* [Task requirements] When the line with "9.8inch Simulation Highland" appears below, start repeating lines exactly, and keep going through the line with "Butterick Misses' Dress"; add nothing outside that span.
[Start of section]
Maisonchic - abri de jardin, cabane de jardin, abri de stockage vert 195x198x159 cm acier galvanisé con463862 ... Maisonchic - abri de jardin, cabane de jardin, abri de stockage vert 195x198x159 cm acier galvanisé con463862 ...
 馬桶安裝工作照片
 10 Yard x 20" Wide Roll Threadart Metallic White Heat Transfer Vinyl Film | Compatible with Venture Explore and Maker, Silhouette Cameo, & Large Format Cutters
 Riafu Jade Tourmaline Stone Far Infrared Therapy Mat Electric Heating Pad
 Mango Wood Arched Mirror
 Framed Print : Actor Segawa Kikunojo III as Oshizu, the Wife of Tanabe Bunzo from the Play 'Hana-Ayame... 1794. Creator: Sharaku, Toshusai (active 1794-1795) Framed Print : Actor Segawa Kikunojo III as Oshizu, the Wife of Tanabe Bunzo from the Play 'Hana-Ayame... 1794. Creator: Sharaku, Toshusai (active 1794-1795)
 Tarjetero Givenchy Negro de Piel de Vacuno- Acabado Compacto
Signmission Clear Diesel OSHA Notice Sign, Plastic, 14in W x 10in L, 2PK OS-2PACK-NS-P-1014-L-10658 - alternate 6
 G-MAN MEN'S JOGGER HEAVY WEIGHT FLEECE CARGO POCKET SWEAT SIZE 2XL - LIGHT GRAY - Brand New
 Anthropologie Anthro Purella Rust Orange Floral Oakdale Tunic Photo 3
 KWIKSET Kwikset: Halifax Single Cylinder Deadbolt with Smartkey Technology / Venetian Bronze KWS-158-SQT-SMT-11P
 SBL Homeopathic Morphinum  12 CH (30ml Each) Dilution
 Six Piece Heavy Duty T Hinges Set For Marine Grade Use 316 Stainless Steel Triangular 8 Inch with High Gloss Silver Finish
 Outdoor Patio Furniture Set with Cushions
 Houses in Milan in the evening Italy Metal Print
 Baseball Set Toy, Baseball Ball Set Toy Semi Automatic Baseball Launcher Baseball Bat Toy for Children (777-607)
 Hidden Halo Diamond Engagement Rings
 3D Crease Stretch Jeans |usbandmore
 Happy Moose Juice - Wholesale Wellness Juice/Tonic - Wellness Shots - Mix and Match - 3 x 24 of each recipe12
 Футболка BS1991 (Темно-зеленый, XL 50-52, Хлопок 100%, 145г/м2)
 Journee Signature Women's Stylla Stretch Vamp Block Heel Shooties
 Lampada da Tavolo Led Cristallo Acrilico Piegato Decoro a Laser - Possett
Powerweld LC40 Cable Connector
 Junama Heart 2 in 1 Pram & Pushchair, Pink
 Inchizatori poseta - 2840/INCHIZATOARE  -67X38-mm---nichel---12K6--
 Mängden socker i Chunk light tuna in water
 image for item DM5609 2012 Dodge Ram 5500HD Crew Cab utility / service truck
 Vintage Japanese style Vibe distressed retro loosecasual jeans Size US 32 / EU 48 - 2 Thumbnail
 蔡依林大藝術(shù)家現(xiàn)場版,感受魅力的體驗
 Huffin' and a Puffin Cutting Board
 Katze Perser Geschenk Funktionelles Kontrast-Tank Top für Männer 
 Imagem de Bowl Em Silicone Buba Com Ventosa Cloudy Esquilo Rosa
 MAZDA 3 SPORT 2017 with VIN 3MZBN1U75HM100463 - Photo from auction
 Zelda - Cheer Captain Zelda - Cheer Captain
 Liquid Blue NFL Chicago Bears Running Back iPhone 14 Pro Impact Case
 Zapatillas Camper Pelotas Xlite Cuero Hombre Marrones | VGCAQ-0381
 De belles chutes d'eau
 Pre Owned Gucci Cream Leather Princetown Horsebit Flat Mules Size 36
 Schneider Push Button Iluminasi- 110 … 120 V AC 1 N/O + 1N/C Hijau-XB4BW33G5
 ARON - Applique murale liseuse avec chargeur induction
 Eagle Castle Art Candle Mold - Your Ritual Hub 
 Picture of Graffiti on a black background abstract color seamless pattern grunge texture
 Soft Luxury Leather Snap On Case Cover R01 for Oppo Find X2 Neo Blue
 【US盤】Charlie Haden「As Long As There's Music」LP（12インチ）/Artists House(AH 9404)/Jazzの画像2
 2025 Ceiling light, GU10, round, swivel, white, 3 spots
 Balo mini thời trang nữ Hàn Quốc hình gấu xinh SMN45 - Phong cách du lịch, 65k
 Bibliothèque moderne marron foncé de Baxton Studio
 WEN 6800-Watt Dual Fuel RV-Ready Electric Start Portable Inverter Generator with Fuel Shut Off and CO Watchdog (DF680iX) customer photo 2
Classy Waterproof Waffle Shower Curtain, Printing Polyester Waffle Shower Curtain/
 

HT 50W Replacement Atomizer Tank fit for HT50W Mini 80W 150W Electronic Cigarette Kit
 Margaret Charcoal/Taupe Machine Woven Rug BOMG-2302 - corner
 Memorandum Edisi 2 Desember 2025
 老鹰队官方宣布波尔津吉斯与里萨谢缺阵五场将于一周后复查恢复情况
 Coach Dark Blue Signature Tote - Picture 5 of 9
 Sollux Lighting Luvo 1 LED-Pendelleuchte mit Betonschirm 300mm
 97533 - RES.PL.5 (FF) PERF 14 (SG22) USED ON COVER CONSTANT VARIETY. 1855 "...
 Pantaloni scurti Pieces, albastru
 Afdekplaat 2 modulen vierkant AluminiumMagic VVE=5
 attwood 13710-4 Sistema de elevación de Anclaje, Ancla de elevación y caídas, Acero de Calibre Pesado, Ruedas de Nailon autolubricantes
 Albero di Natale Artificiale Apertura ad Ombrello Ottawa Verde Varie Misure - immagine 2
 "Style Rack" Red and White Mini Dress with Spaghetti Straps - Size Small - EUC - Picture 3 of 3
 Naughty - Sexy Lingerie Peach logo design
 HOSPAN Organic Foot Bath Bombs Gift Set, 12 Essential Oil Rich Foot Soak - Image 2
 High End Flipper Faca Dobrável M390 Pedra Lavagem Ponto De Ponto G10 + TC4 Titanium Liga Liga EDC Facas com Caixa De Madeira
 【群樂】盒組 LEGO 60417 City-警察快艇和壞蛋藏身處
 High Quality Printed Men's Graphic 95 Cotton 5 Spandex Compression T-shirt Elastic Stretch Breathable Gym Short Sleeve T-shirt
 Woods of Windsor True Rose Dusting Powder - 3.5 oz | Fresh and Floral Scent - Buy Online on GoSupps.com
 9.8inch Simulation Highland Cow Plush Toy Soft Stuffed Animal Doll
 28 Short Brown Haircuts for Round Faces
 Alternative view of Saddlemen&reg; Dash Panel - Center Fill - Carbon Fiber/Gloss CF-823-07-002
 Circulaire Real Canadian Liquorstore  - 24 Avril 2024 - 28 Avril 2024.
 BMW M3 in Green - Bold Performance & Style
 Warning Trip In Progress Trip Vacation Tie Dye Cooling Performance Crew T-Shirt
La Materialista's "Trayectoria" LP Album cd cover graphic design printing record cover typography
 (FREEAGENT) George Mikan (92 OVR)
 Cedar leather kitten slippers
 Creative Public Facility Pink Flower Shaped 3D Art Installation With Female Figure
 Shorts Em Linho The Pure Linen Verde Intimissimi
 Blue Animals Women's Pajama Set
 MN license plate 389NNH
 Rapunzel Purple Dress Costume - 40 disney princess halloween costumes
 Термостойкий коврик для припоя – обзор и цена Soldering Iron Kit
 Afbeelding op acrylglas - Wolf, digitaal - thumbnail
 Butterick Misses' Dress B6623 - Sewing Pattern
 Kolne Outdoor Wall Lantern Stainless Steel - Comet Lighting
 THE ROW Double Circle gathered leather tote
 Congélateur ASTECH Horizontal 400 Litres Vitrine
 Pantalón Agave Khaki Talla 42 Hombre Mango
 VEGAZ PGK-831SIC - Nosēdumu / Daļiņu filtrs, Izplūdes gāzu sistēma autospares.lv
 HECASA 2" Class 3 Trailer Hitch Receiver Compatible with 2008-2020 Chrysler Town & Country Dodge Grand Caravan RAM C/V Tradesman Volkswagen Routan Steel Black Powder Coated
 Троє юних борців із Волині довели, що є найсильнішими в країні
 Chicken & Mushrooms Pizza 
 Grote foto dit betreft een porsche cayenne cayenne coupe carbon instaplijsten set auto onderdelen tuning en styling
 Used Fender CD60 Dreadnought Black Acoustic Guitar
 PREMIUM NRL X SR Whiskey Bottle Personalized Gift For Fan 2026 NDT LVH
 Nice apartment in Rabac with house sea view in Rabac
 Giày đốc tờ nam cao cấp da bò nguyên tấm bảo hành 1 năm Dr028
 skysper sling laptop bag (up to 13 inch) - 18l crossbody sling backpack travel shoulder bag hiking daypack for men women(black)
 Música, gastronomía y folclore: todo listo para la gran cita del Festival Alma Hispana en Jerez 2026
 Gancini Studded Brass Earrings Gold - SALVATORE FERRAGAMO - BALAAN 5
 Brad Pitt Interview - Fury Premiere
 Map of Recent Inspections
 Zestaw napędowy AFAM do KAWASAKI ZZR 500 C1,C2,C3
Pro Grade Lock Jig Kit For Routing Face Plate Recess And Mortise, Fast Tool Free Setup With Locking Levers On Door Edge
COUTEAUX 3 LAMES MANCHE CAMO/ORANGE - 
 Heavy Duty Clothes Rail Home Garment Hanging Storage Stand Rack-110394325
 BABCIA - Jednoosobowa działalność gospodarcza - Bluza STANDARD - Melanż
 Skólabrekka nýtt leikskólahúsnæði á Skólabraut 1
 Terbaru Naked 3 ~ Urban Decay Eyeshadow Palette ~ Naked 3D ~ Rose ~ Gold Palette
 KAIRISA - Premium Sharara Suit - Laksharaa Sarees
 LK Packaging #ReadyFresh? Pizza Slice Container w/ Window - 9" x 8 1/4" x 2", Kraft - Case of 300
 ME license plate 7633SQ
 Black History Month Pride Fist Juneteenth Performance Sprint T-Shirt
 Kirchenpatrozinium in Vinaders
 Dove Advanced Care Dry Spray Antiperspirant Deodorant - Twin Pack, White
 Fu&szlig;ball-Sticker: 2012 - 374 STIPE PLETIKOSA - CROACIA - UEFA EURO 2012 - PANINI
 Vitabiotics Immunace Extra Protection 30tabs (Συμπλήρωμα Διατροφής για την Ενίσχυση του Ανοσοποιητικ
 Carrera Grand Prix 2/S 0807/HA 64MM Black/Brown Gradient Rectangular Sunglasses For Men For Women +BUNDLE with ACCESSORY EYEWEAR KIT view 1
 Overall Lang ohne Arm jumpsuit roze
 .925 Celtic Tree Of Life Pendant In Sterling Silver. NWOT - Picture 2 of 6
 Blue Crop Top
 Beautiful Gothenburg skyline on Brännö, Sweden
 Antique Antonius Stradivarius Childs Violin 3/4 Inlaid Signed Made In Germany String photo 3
[End of section]
* [Solution to the exercise]
 9.8inch Simulation Highland Cow Plush Toy Soft Stuffed Animal Doll
 28 Short Brown Haircuts for Round Faces
 Alternative view of Saddlemen&reg; Dash Panel - Center Fill - Carbon Fiber/Gloss CF-823-07-002
 Circulaire Real Canadian Liquorstore  - 24 Avril 2024 - 28 Avril 2024.
 BMW M3 in Green - Bold Performance & Style
 Warning Trip In Progress Trip Vacation Tie Dye Cooling Performance Crew T-Shirt
La Materialista's "Trayectoria" LP Album cd cover graphic design printing record cover typography
 (FREEAGENT) George Mikan (92 OVR)
 Cedar leather kitten slippers
 Creative Public Facility Pink Flower Shaped 3D Art Installation With Female Figure
 Shorts Em Linho The Pure Linen Verde Intimissimi
 Blue Animals Women's Pajama Set
 MN license plate 389NNH
 Rapunzel Purple Dress Costume - 40 disney princess halloween costumes
 Термостойкий коврик для припоя – обзор и цена Soldering Iron Kit
 Afbeelding op acrylglas - Wolf, digitaal - thumbnail
 Butterick Misses' Dress B6623 - Sewing Pattern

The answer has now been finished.